Cincinnati, Ohio is a Midwestern American City with a rich history. It was once known as the “Queen City of the West.”
It all began when three men bought eight hundred acres on the Ohio River in 1788. The three men were Israel Ludlow, who was a surveyor; Matthias Denman, who was the money partner; and Robert Patterson, who was the “salesman”—he recruited settlers. They named it “Losantiville.”
What’s In a Name?
The town didn’t really begin to expand until a fort was built there to protect the settlers. It was called Fort Washington and became home to about 300 soldiers. The area became Hamilton County and Losantiville was the county seat. The governor of the territory, General Arthur St. Clair, changed the name to Cincinnati, which was the name of an association of Revolutionary War officers he belonged to.

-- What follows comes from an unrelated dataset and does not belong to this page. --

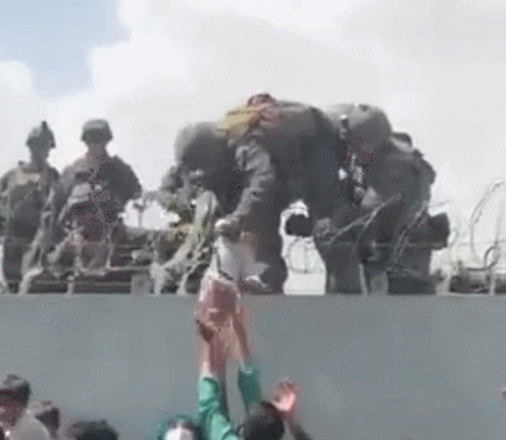 荒唐！失蹤數月的阿富汗男嬰被找到，原來是被美軍“擺拍”後扔了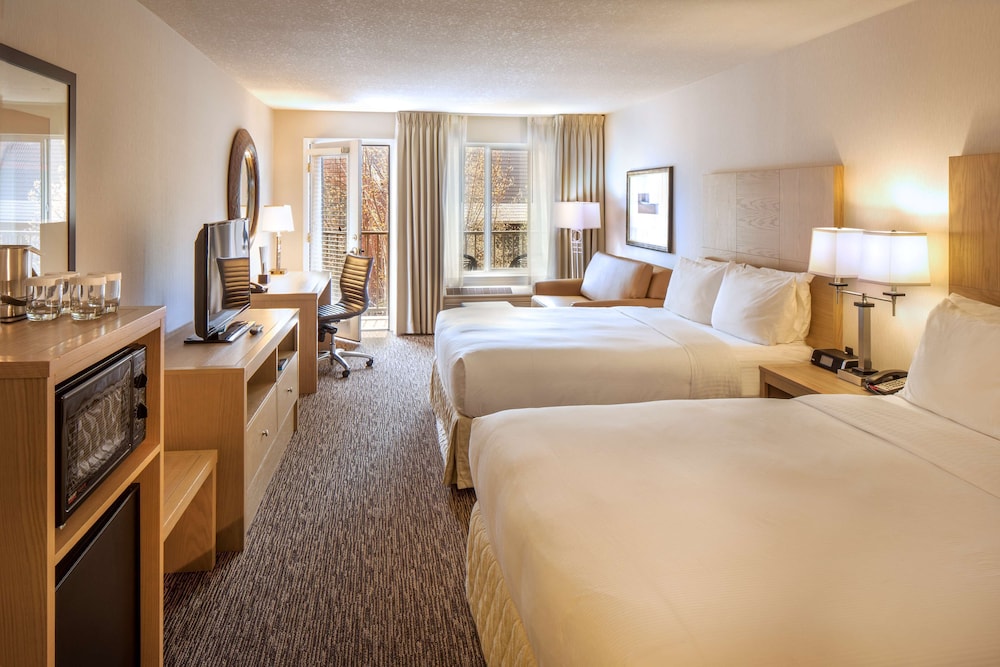 DoubleTree by Hilton Portland Tigard - photo 18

The City of Cincinnati had many conflicts with the Shawnee Indians. There was an especially bloody battle with these Native Americans in 1791 that drove many settlers away. But because Cincinnati was on the Ohio River, the city thrived on the trade with settlers passing through on their way to the West, with goods and supplies easily transported in and out of the city on the river.
The Melting Pot
Cincinnati’s history reflects the “melting pot” metaphor that is America. The city was a hub for the abolitionist movement. Many infamous race riots took place in Cincinnati. One of the first Jewish synagogues in America was built on Plum Street; the Isaac M. Wise Temple, now a historical landmark.
In the mid 1800’s, the Cincinnati Fire Department used the very first steam-powered fire engines in the world! CFD is credited with another unique invention, the firemen’s pole. The CFD also had the first paid, around-the-clock firefighting force in the country.
Staying, Eating, Drinking…Then and Now
Hotels, taverns and restaurants sprang up by the hundreds to meet the demands of the growing population. Even today, many of these historical establishments remain. One of the oldest restaurants in Cincinnati is the Golden Lamb, built in 1803. Charles Dickens and Mark Twain stayed here. Arnold’s Bar and Grill is another piece of city history, opened in 1861 at 210 East 8th Street. Before it was a restaurant, it was a barbershop and a feed store. The building is nearly 200 years old.
To this day, the city of Cincinnati has some of America’s oldest and best bed and breakfast inns, taverns and restaurants. Cincinnati is still the “Queen City of the West” when it comes to culture and cuisine.